⟨
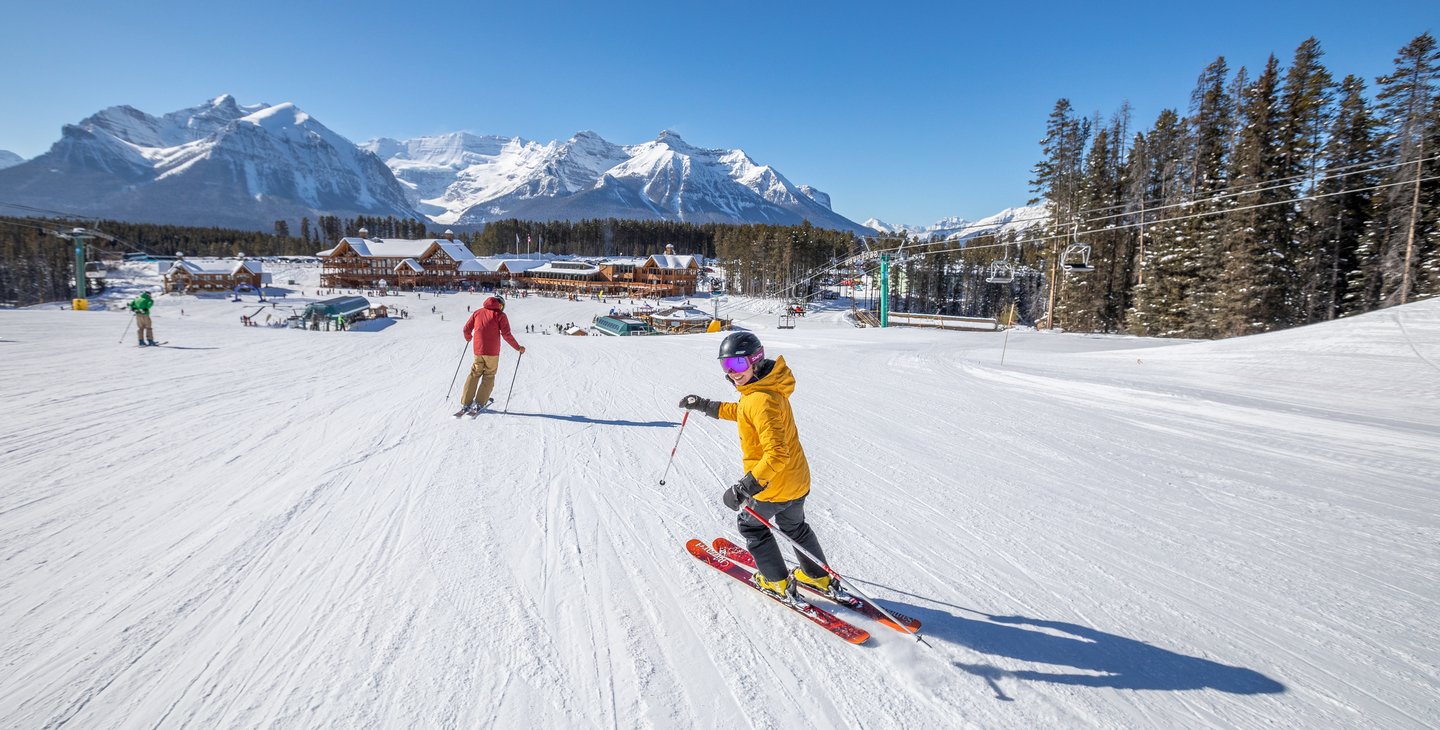 Five Best Places for New Skiers in the Canadian Rockies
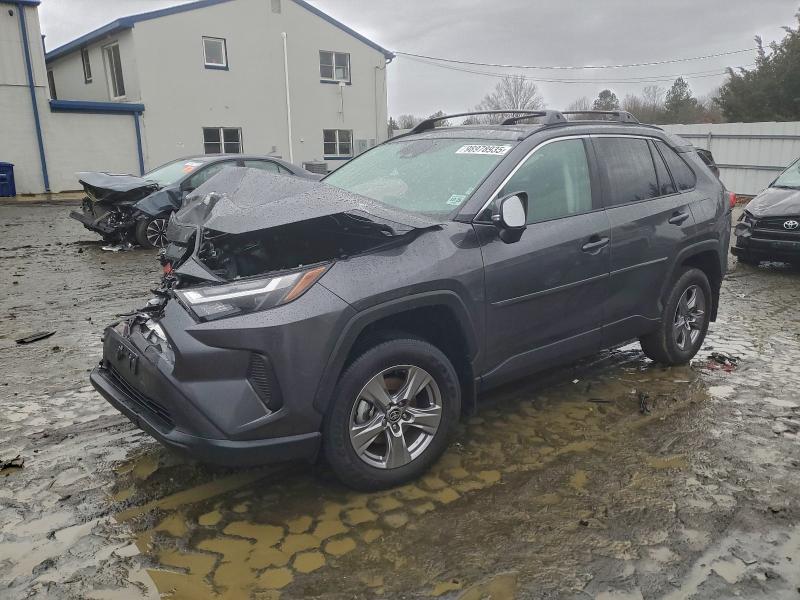 Фото 1 - TOYOTA RAV4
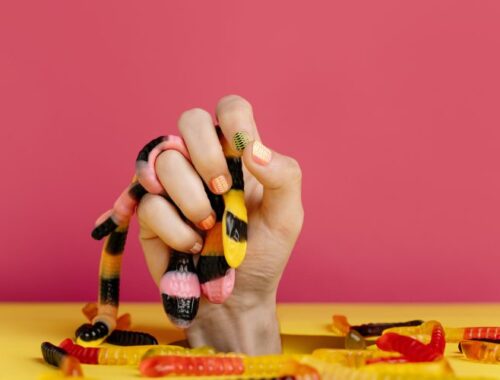 Грибок ногтей (онихомикоз): симптомы и признаки болезни, средства от грибка ногтей | ФОРМА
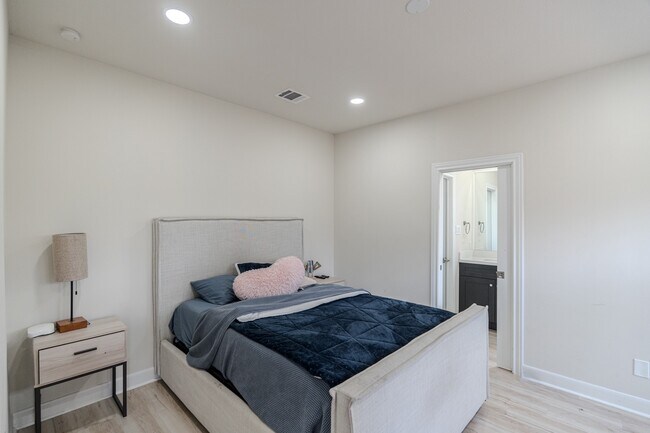 Building Photo - 6510 Sussex Ct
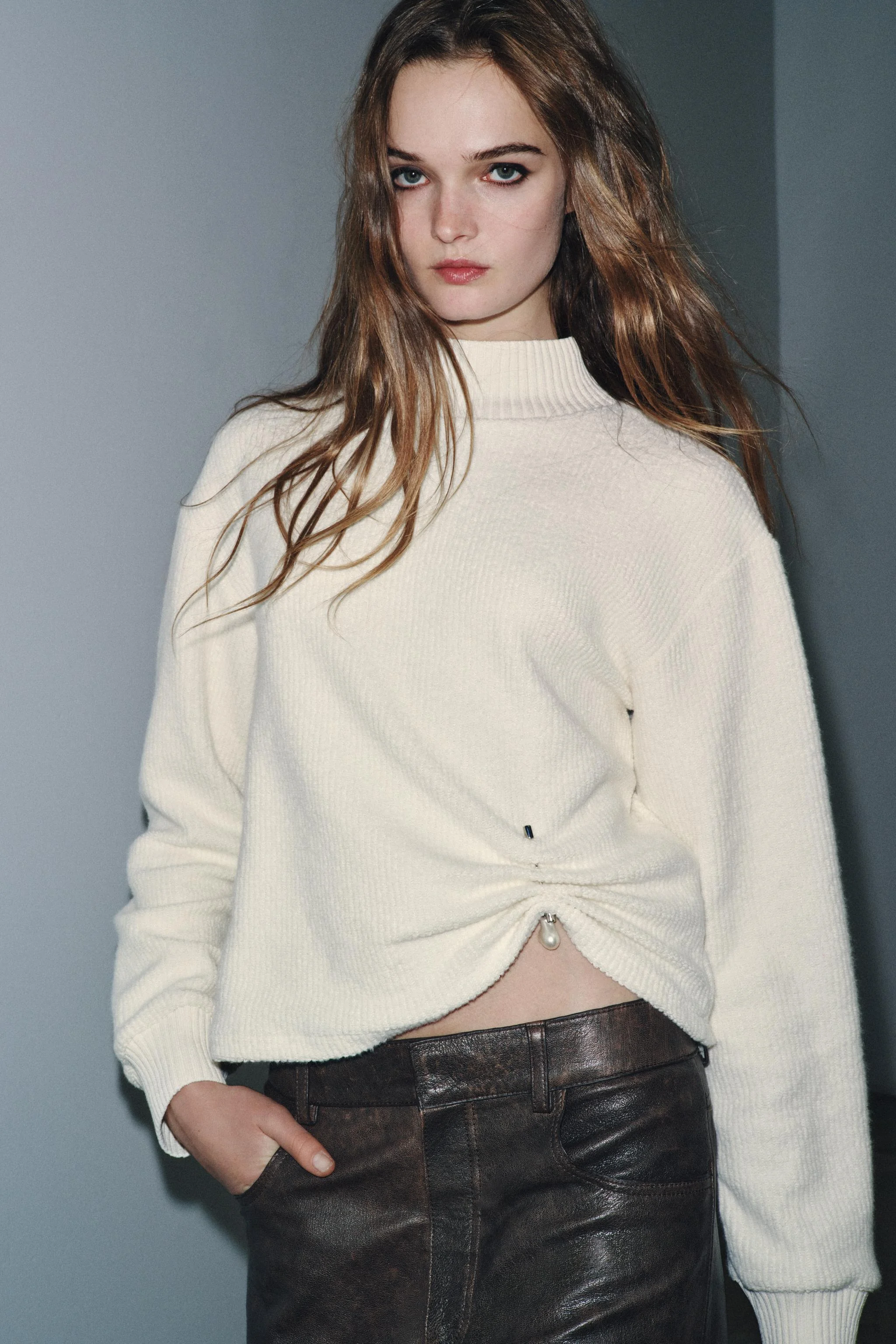 سویشرت یقه گرد با سنجاق سینه تزیینی سویشرت یقه گرد با سنجاق سینه تزیینی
⟩
» **EXERCISE PROMPT**
Write the lines out word for word, starting at the one with "Building Photo - 6510 Sussex Ct" and stopping after the last line of the material above, with pictures excluded.

» **WORKED SOLUTION**
 Building Photo - 6510 Sussex Ct
 سویشرت یقه گرد با سنجاق سینه تزیینی سویشرت یقه گرد با سنجاق سینه تزیینی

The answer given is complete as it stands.